Repeat all of the data below word for word, keeping no images.

+---+

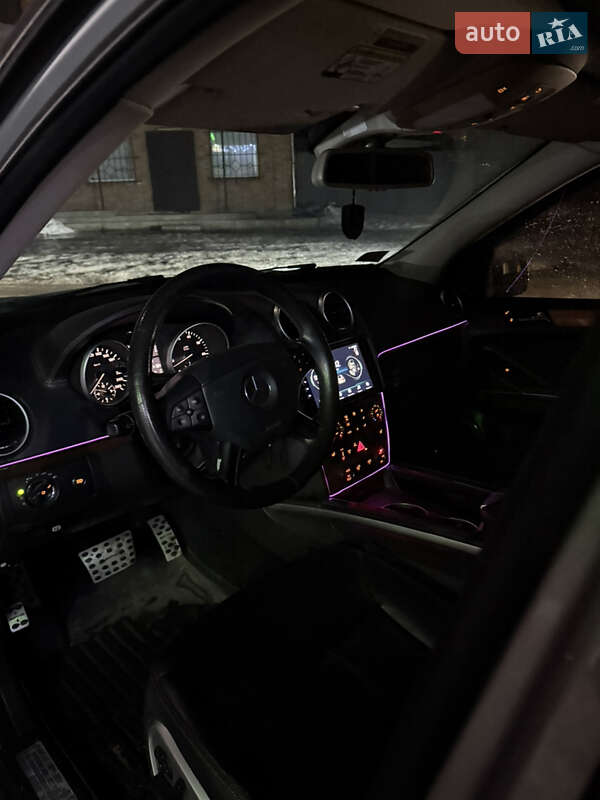 Внедорожник / Кроссовер Mercedes-Benz GL-Class 2006 в Прилуках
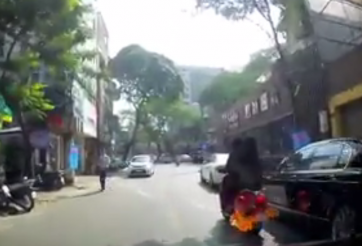 Hà Nội: Xe tay ga Piagio LX đang đi bỗng bốc cháy dữ dội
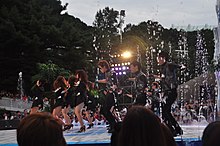 T-ara actuando en los Mnet 20's Choice Awards en 2010  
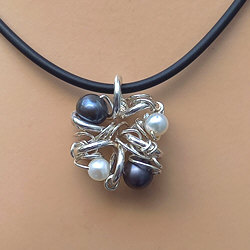 Handgemaakte zilveren hanger Belleza negra by Flamenco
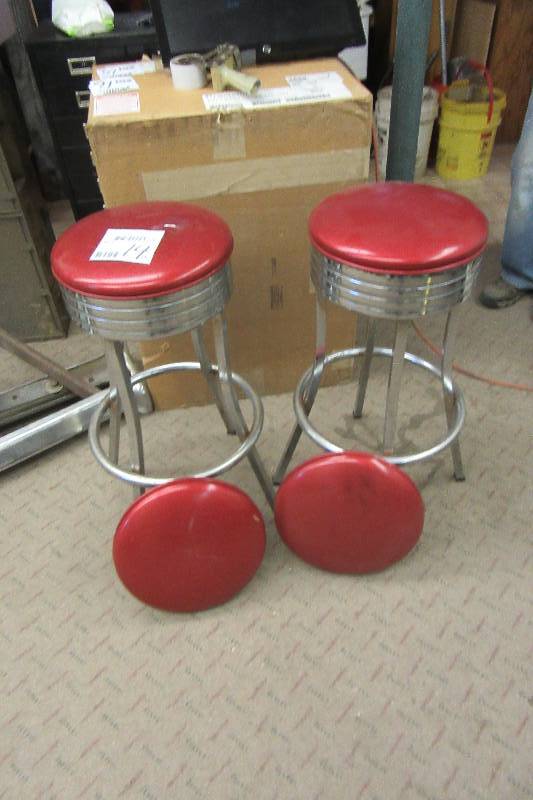 lot 14 image: 2 chrome bar stools & 2  extra seats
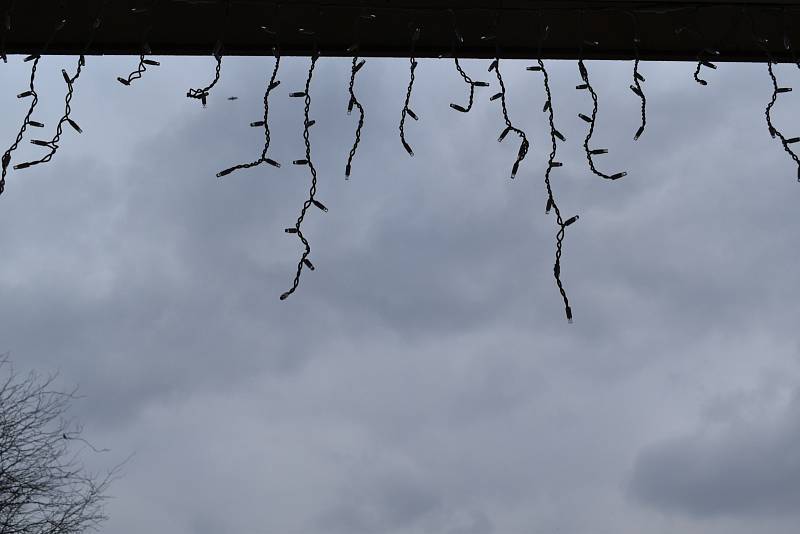 Ústí nad Labem se připravuje na Vánoce. Na Mírovém náměstí už je osazený strom a na Lidickém nachystané stánky.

+---+

▶ _Output for this task_:
 Внедорожник / Кроссовер Mercedes-Benz GL-Class 2006 в Прилуках
 Hà Nội: Xe tay ga Piagio LX đang đi bỗng bốc cháy dữ dội
 T-ara actuando en los Mnet 20's Choice Awards en 2010  
 Handgemaakte zilveren hanger Belleza negra by Flamenco
 lot 14 image: 2 chrome bar stools & 2  extra seats
 Ústí nad Labem se připravuje na Vánoce. Na Mírovém náměstí už je osazený strom a na Lidickém nachystané stánky.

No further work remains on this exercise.